# Required work
Give again, exactly as written, the lines of the records below from the line with "Tammy, with the" to the line with "You can either". Both end lines count; pictures do not.

# Available data
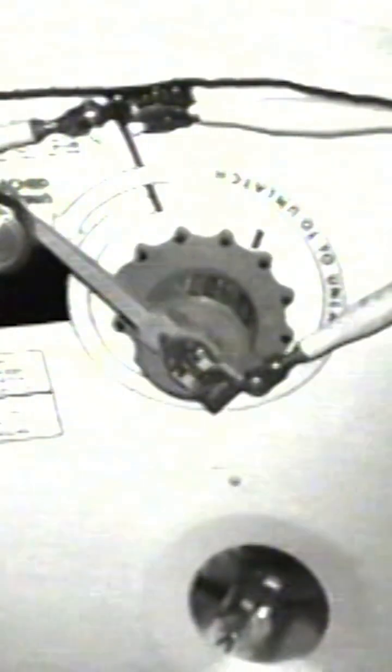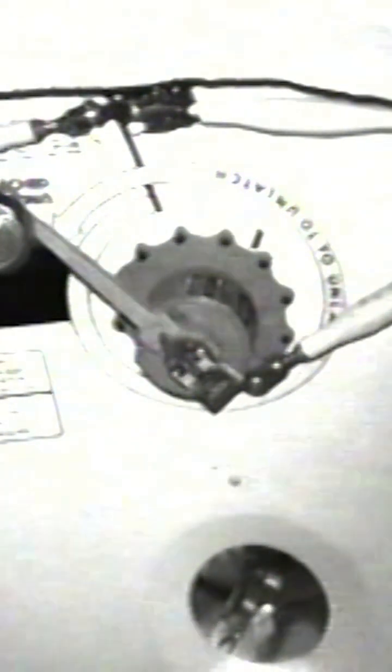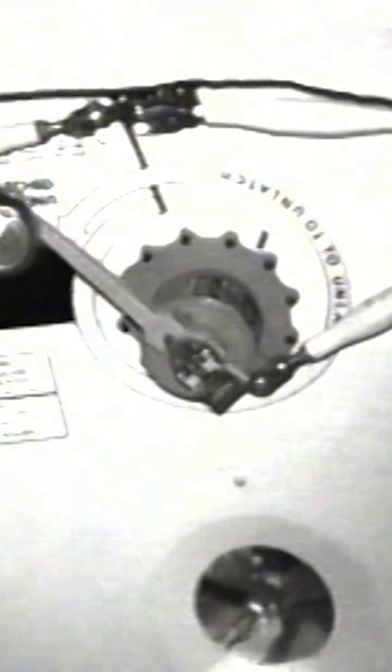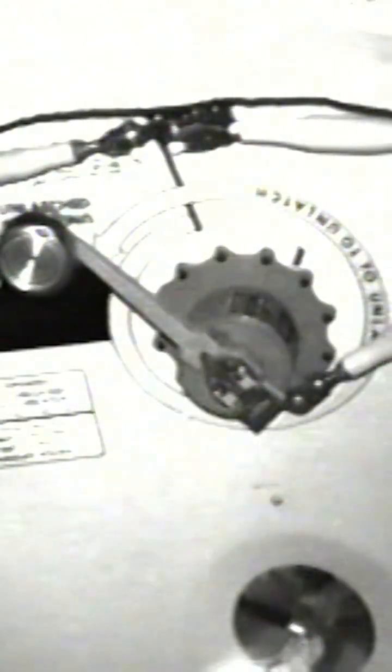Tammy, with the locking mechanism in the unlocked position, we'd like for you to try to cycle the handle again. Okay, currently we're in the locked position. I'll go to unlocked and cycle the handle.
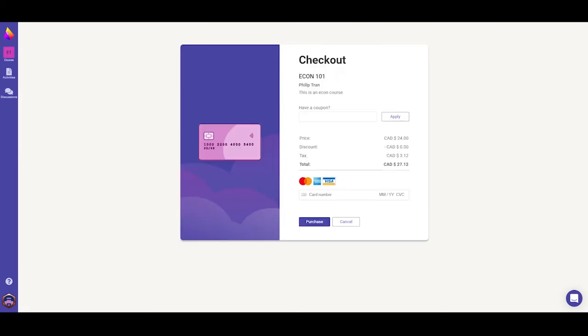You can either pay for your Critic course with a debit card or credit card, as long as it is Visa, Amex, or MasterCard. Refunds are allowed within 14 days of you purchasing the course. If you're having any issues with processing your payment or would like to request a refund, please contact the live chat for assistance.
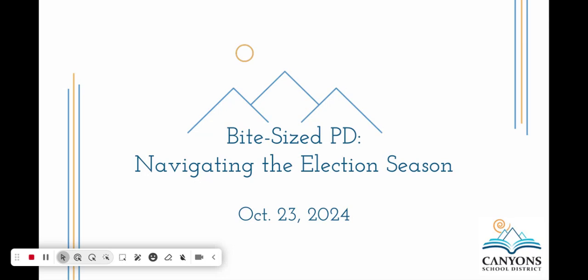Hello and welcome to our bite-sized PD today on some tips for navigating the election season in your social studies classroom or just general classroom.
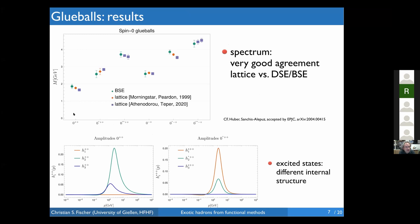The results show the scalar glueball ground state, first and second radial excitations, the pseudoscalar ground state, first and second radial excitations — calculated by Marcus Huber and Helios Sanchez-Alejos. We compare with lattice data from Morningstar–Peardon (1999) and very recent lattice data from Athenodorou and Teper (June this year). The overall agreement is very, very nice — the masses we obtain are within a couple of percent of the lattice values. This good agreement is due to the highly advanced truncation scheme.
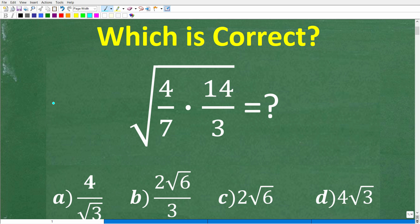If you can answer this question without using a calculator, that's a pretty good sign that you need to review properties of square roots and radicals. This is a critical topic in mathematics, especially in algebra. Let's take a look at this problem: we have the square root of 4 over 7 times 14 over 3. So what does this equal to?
* * *
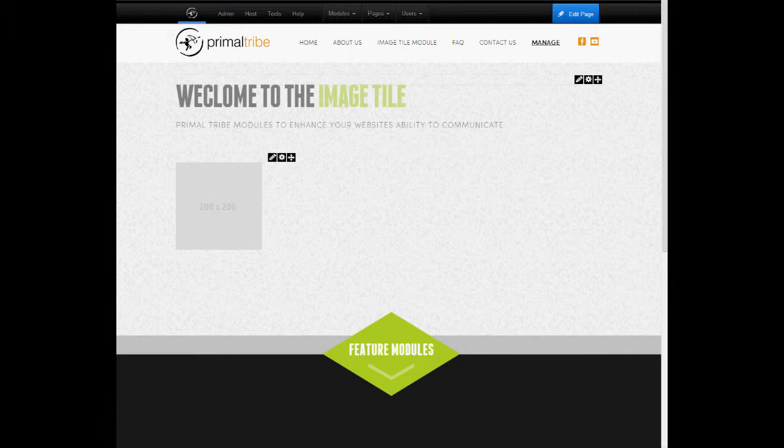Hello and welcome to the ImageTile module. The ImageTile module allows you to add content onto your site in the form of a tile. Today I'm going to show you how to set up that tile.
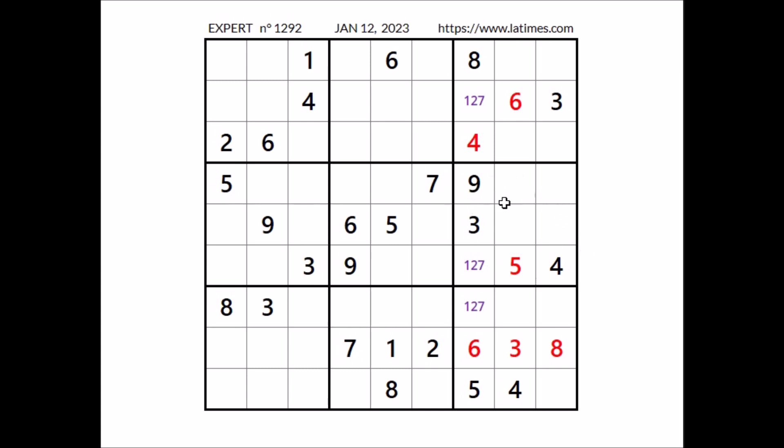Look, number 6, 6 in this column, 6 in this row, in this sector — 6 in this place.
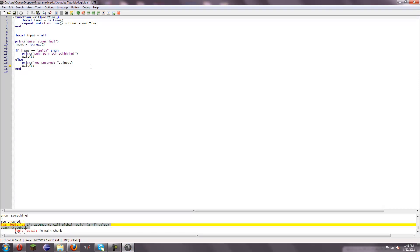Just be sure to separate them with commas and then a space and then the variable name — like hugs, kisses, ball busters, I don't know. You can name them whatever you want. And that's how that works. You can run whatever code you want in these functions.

# Solution to the problem
Tammy, with the locking mechanism in the unlocked position, we'd like for you to try to cycle the handle again. Okay, currently we're in the locked position. I'll go to unlocked and cycle the handle.
You can either pay for your Critic course with a debit card or credit card, as long as it is Visa, Amex, or MasterCard. Refunds are allowed within 14 days of you purchasing the course. If you're having any issues with processing your payment or would like to request a refund, please contact the live chat for assistance.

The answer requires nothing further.